#### [Task]
From the line that contains "Vintage Tommy Hilfiger" through the last line of the data, copy everything exactly and nothing else, omitting the pictures.

(Input records Opens)

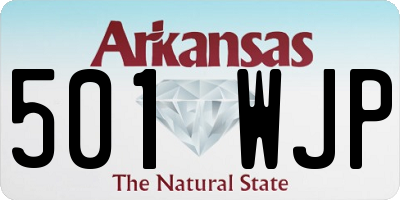 AR license plate 501WJP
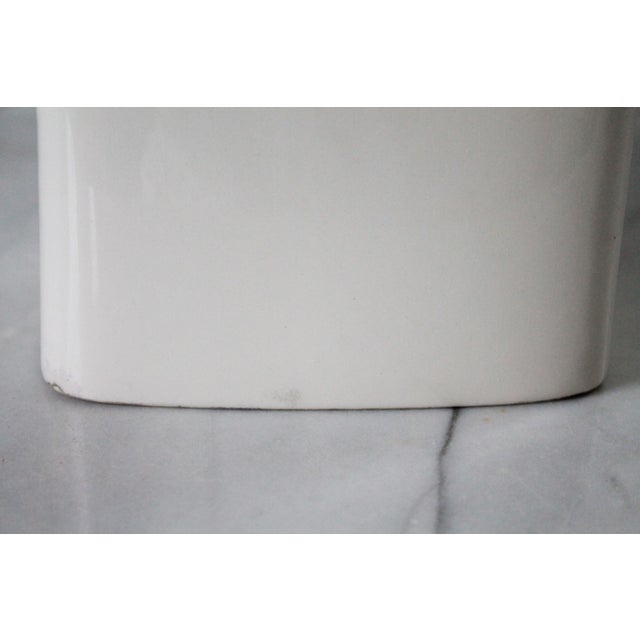 Vintage Tommy Hilfiger Ceramic Tissue Box Cover For Sale - Image 9 of 11
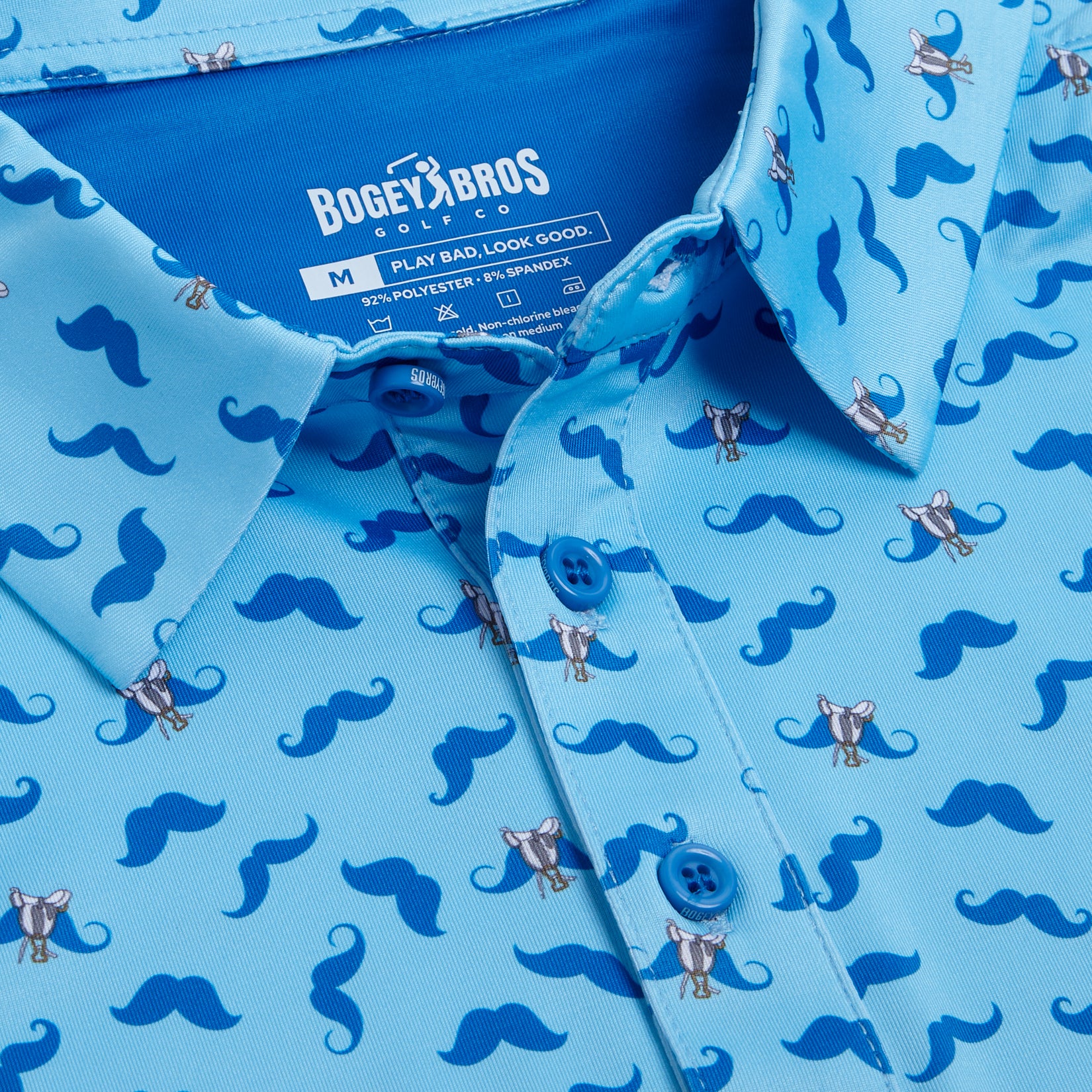 Mustache Ride - Polo - Image 3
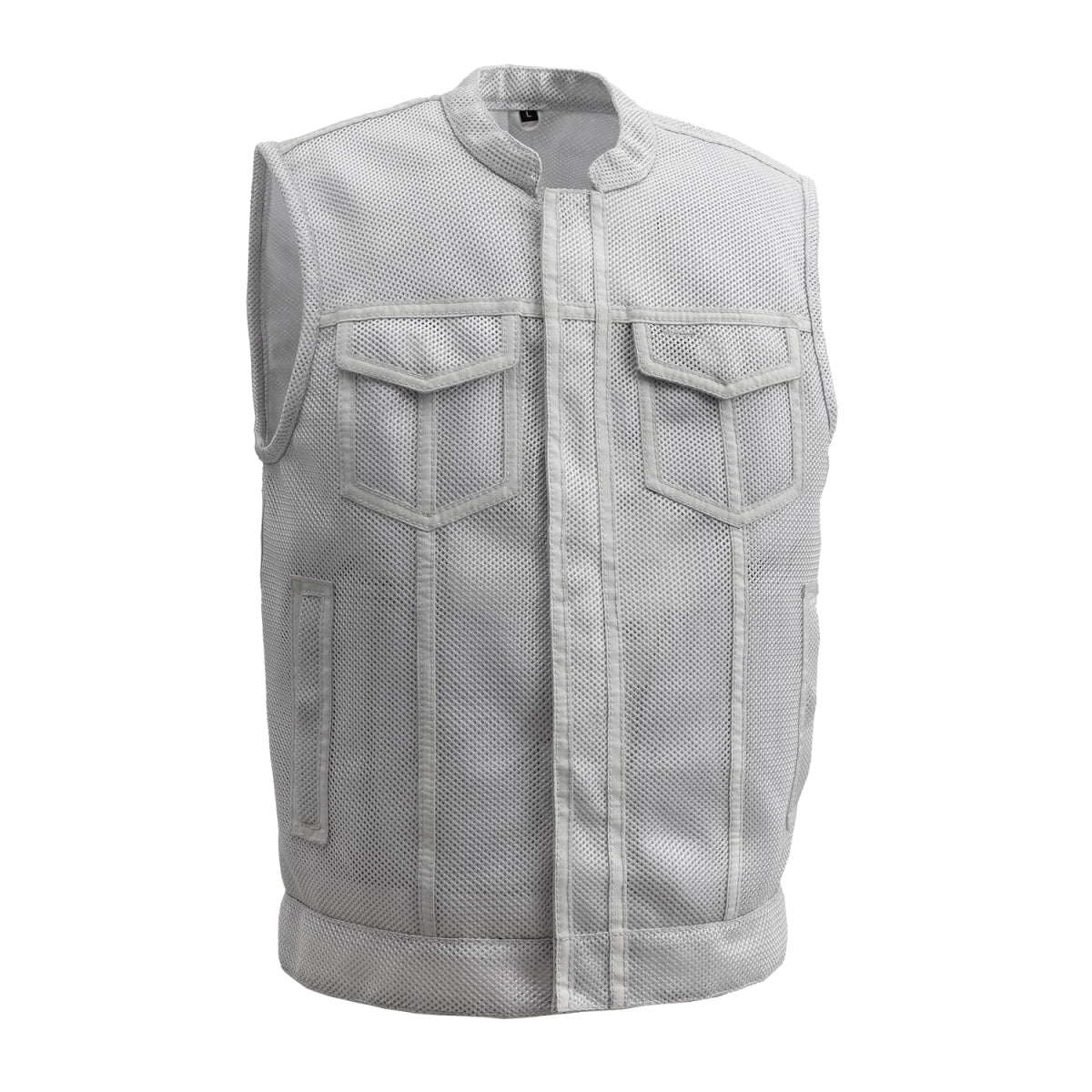 Sharp Shooter Moto Mesh Men's Motorcycle Vest - Image 4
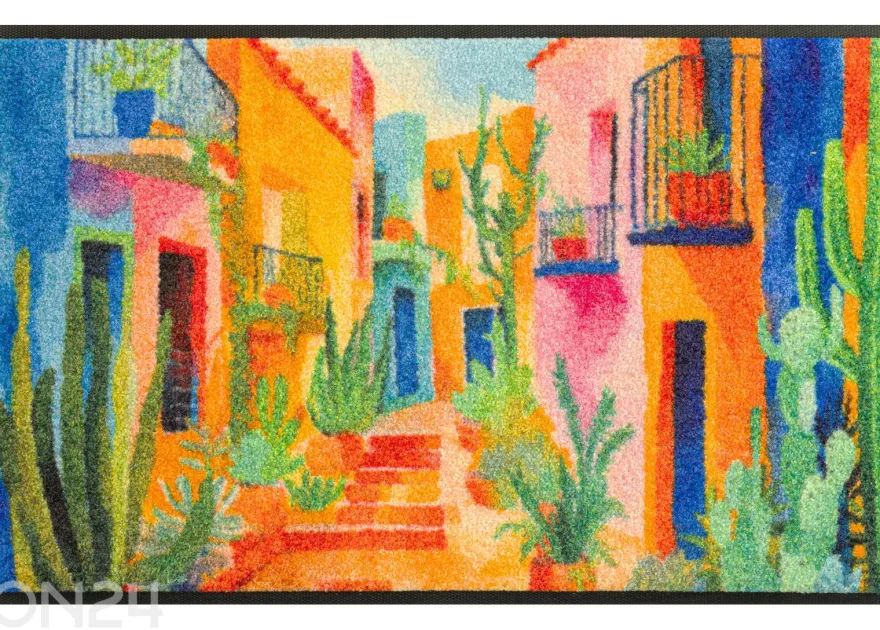 Matto Casas de Colores, 40x60 cm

(Input records Closes)

#### [Result for this exercise]
 Vintage Tommy Hilfiger Ceramic Tissue Box Cover For Sale - Image 9 of 11
 Mustache Ride - Polo - Image 3
 Sharp Shooter Moto Mesh Men's Motorcycle Vest - Image 4
 Matto Casas de Colores, 40x60 cm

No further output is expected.